Implications of Private Members

Once inherited, the base class's public and protected members become private in the derived class. This means they cannot be accessed by functions outside the derived class, except friend functions.

Accessing Private Members

To access private members of the derived class that are inherited, the derived class itself can use its inherited private methods and properties internally but cannot expose them to any other function or class directly unless through another public or protected method it provides.

Visibility to Further Derived Classes

If another class derives from this privately derived class, it will not have access to the base class's members directly as they have turned private at the first derivation and aren't publicly accessible.

Key concepts

Inheritance Access Control

Inheritance access control in C++ defines how the members of a base class are visible to a derived class. When using private inheritance, a derived class inherits all members of the base class, but their access levels are changed. Specifically, all public and protected members become private in the context of the derived class.
This change implies that these members, now private, cannot be accessed from outside the derived class. However, the derived class itself can still access them internally.

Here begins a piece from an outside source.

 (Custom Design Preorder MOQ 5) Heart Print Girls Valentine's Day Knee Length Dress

• Public members become private, limiting external access
• Protected members also become private in the derived class

This mechanism allows the derived class to utilize, yet conceal, the base class’s functionality from external entities.

Base and Derived Classes

The relationship between base and derived classes is fundamental in C++. A base class serves as the parent or superclass, providing properties and behaviors that can be utilized by derived, or subclass, classes. In private inheritance, these relationships focus on internal reuse rather than external interface exposure.
A derived class, when inheriting a base class privately, indicates a clear inheritance hierarchy but restricts what is exposed outside.

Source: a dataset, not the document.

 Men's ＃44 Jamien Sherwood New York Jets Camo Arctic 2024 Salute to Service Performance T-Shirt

• Base class provides core functionality
• Derived class extends or modifies base functionality
• Private inheritance implies members are not externally visible

This setup is beneficial when you want to use base class features without making them part of the derived class’s public API.

Friend Functions

Friend functions play a special role in accessing private members that are inherited in C++. They are not part of a class but are given special access to its private members.
In the case of private inheritance, friend functions can access the inherited private members of the derived class. This means that even though these members cannot be accessed by regular functions outside the derived class, friend functions have the privilege to interact with them.

• Friend functions are defined outside of the class
• They acquire access to private members due to friendship
• Can access otherwise inaccessible inherited members

This special access allows designed interactions and utility functions while keeping access control tight.

Visibility in Derived Classes

Visibility of members in a derived class is greatly influenced by the type of inheritance. In private inheritance, the visibility of base class members transforms, thereby affecting how future derivations can interact with these members.
When a further class derives from a privately inherited class, it cannot access the private base members directly because they have been made private in the immediate derived class. This limits the propagation of those members through multiple inheritance levels.

• Members become private and hence not accessible by further derived classes
• This restricts inheritance hierarchies and forces abstraction
• Ensures encapsulation of the base class's internal structure

This encapsulation enforces strict access and promotes secure coding practices by limiting exposure of sensitive data or methods.